A Monte Carlo study of the ``Combination of Rankings’’ methods

In the previous blog post titled Combination of Rankings, we introduced a method to combine several rankings, each one weighted by some confidence, into a final one having greater predictive power (higher correlation with the true outcome, i.e. observed ranking). We explained there the motivation for using a network-based approach instead of the baseline average: dealing with widely heterogeneous coverage, missing data, and biases in the missing data. The network-based approach is supposed to outperform significantly the naive avearge one when there is a strong bias in the missing data. For example, the latent best ranks have usually data which are lacking for the latent lowest ranks. In that case, the worst of the best ranks in this partial ranking will end up having the lowest ranks possible, which produce a very negative contribution in the final average ranking. The network-based approach does not suffer from this problem.

In this blog post however, we will not assume that missing data have some coverage biases, i.e. we will sample uniformly (without replacement) the objects to rank, with a coverage between 2% and 50% (uniform sampling again) of the total number of objects. We will also sample uniformly the confidence (between 1% and 60%) associated to each ranking.

We are therefore only testing for the eventual benefit of using the network-based approach over the average one in the case of totally random missing data. That is, not the best case scenario.

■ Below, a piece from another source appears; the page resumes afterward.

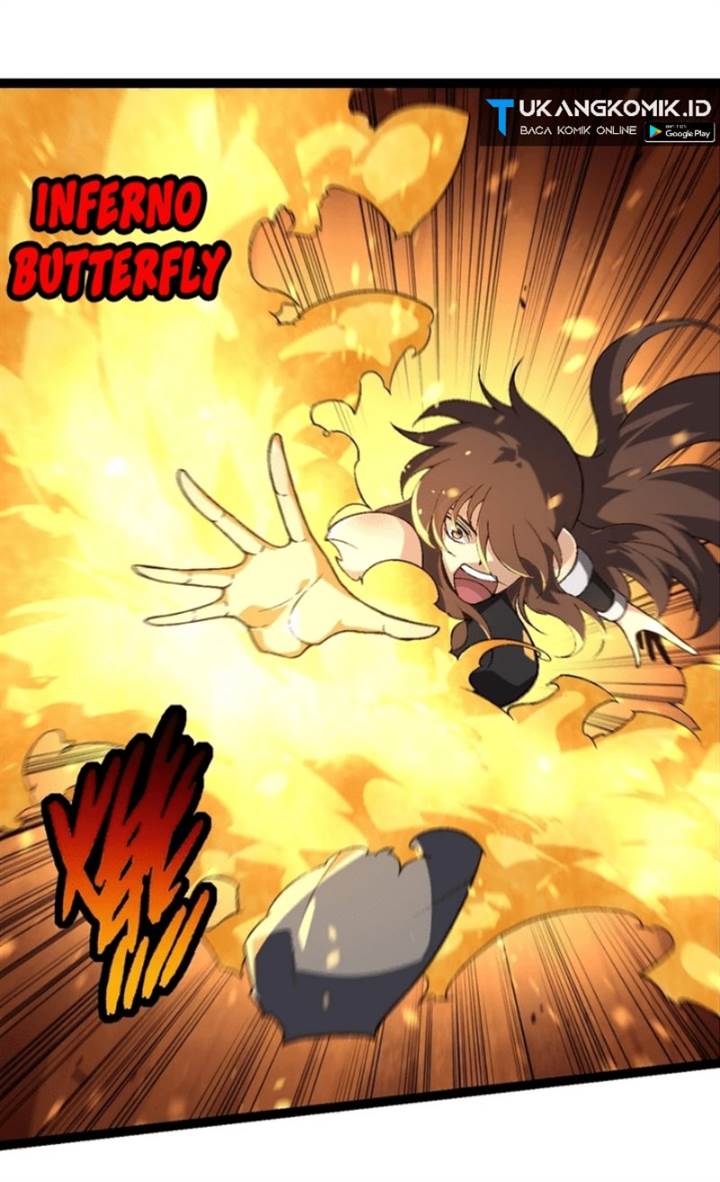Read Evolution Begins With A Big Tree ID Manga Online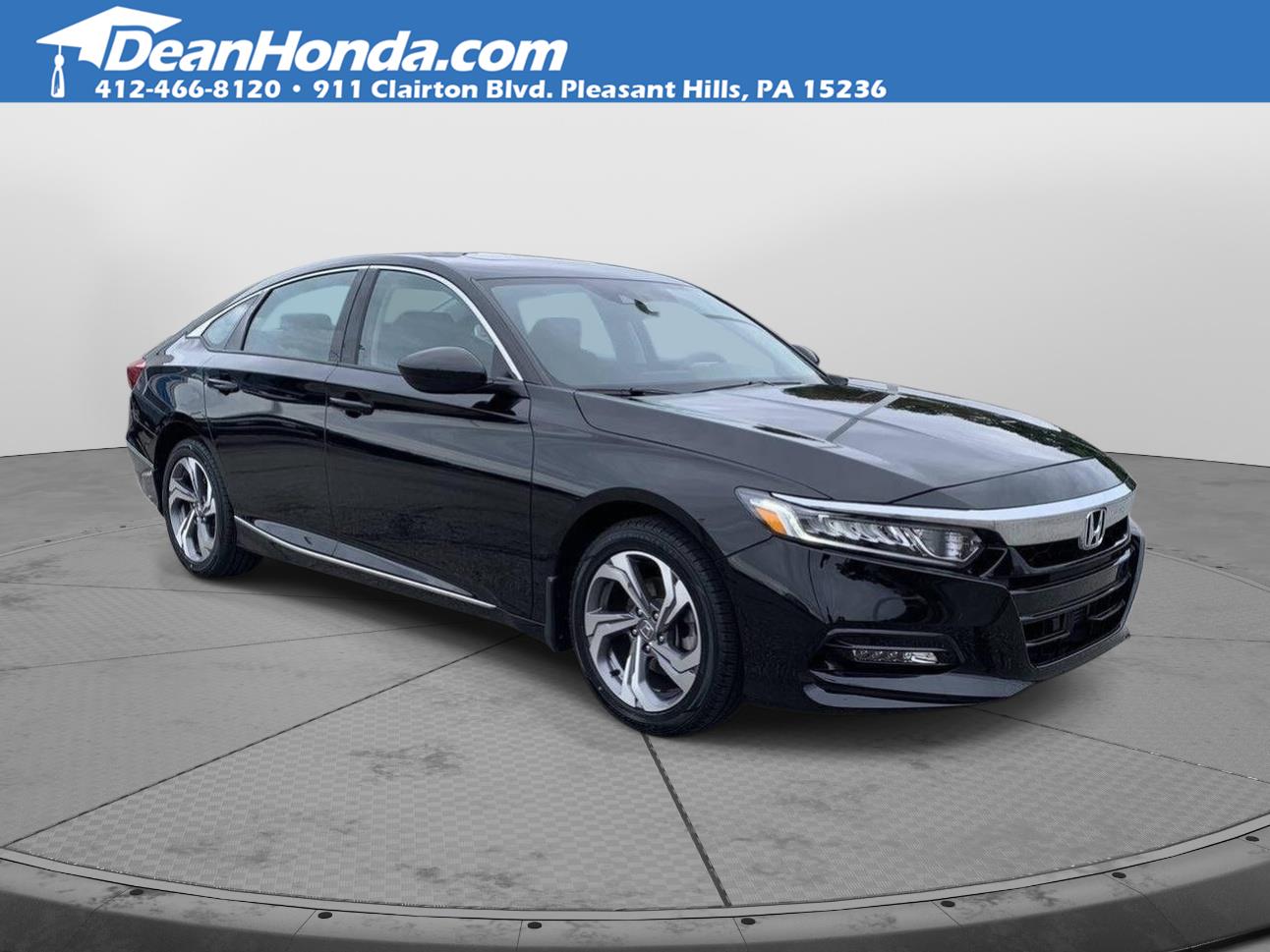 2020 Honda Accord 1.5T EX FWD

We will also vary the number of available rankings to check whether with a large number of rankings the two methods converge to the same outcome (which might be the case here as the missing data are totally random, thus no systematic error biases).

import pandas as pd
import numpy as np
import networkx as nx
from scipy.linalg import block_diag
import matplotlib.pyplot as plt
%matplotlib inline

np.random.seed(seed=42)

def build_graph(rankings):
    rank_graph = nx.DiGraph()
    for ranking, ic in rankings:
        for node in ranking.values():
            rank_graph.add_node(node)
    for ranking, ic in rankings:
        for rank_up in range(1, len(ranking)):
            for rank_dn in range(rank_up + 1, len(ranking) + 1):
                u = ranking[rank_up]
                v = ranking[rank_dn]

                if u in rank_graph and v in rank_graph[u]:
                    rank_graph.edges[u, v]['weight'] += ic
                else:
                    rank_graph.add_edge(u, v, weight=ic)
                    
    return rank_graph

def build_markov_chain(rank_graph):
    for node in rank_graph.nodes():
        sum_weights = 0

        for adj_node in rank_graph[node]:
            sum_weights += rank_graph[node][adj_node]['weight']

        for adj_node in rank_graph[node]:
            rank_graph.edges[node, adj_node]['weight'] /= sum_weights
            
    return rank_graph

def random_walk(markov_chain, counts, max_random_steps=1000):
    cur_step = 0
    current_node = graph_nodes[np.random.randint(len(graph_nodes))]
    while cur_step < max_random_steps:
        counts[current_node] += 1
        neighbours = [(adj, markov_chain[current_node][adj]['weight'])
                      for adj in markov_chain[current_node]]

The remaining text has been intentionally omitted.